Once again, at Vampire Masquerade “everything’s gonna be spontaneous.” This time, though, Alan had a curator to help him pick the cast of local artists, including a “healer.” Unfortunately his mom didn’t make the cut this time around.

“There’s no way my mom’s gonna be in this one– it’s this crazy, vampire-eating insane festival, so that’s just not gonna happen,” he said. “I’m not gonna eat my mom on stage. That would be just really bad, you know?”

People are free to interpret the “masquerade” as an opportunity to get their Halloween costume on early. “It’s not a horror show,” Alan said. “But I think it’s important for people to push their limits.”

I was surprised to hear that Alan is hosting the event on the Bowery and not in Bushwick. He admitted that originally it was going to be held in a loft in Soho. “But this Soho loft was too nice, they were like ‘Holy shit, you’re crazy, you’re gonna ruin it,'” he laughed.

(Photo courtesy of Michael Alan)

(Photo courtesy of Michael Alan)

The artist has learned something since his last performance at Teatro IATI: “I have to take the bucket of ice cream and dump it on my head, not someone else’s. That’s what changed. I was the person trying to make it happen, but now it just happens.”

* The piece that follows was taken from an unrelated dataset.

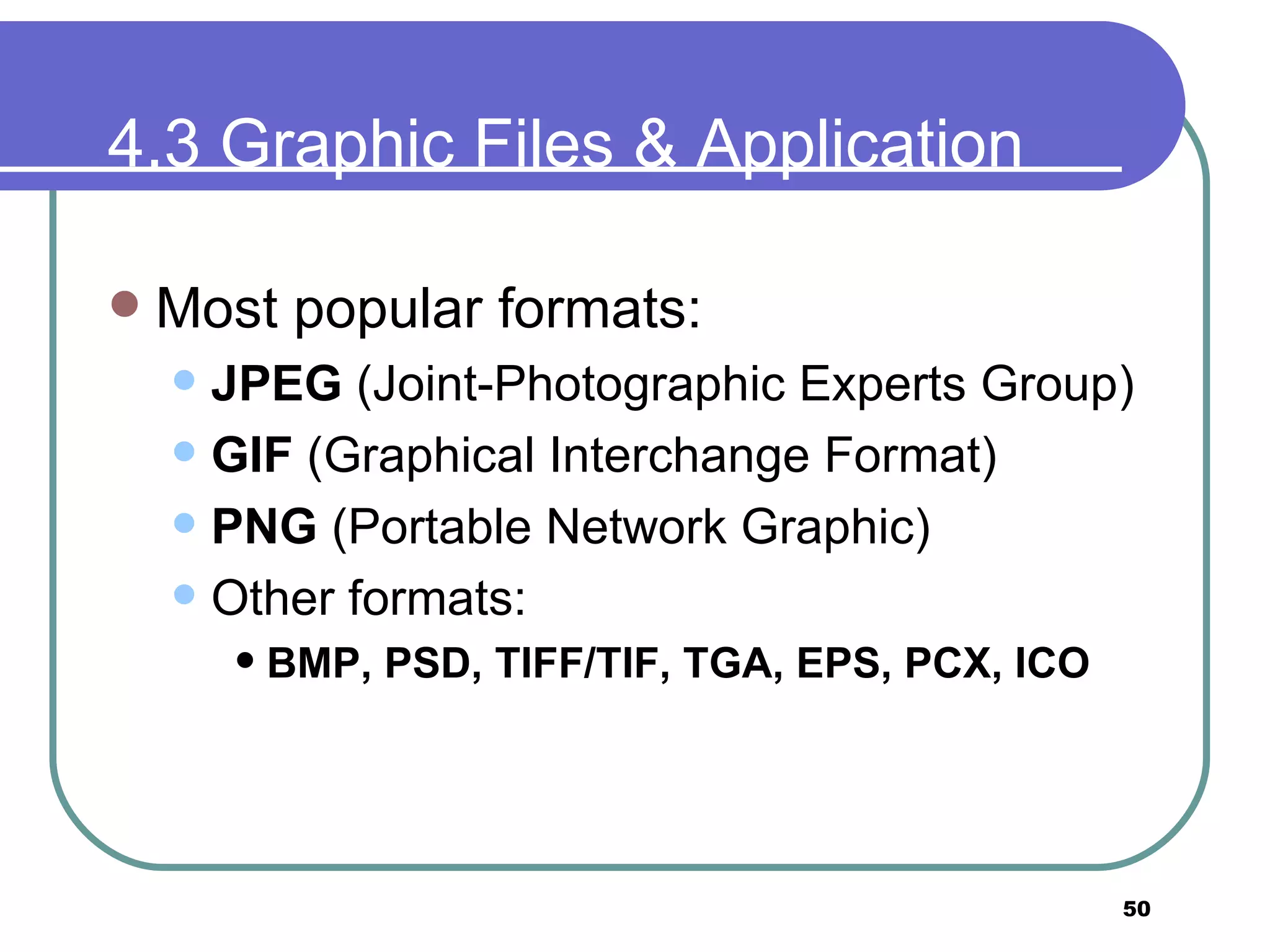 4.3 Graphic Files & Application Format Most popular formats: JPEG  (Joint-Photographic Experts Group) GIF  (Graphical Interchange Format) PNG  (Portable Network Graphic) Other formats: BMP, PSD, TIFF/TIF, TGA, EPS, PCX, ICO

Overall, Alan is aiming to create a “safe space” where (almost) everything’s permissible, where self-expression and freedom are in abundance– things that are hard to find in white-walled galleries, and increasingly difficult to find in Bushwick, as the art scene here becomes more Chelsea-ified.

“It’s really hard for me, because I’m from here, so I’m confused,” he said.

It’s less about trying to revive a particular generation’s art movement– he mentioned Da Da and “the ’60s” as influences– and more about reinstating the spirit of experimentalism that reigned in New York City for decades, something that was seen across cultures and generations. “That’s the reason why people came here, and I’m not trying to imitate it,”Alan explained. “That’s just what I grew up around. That’s what I know.”

As an artist, Alan’s motivated to hold these events as a means of sharing his work and making his two-dimensional pieces come to life. But these happenings are also about encouraging others to make their own work. “I just feel like there’s something missing,” he said. I asked where exactly he felt this void– in the art world maybe?

“If you look at the history of happenings,” Alan explained. “They have nothing to do with the art world at all.”

Vampire Masquerade, Saturday October 22, 7 pm to 12 am at TEATRO IATI, tickets $20 discounted on Michael Alan’s website.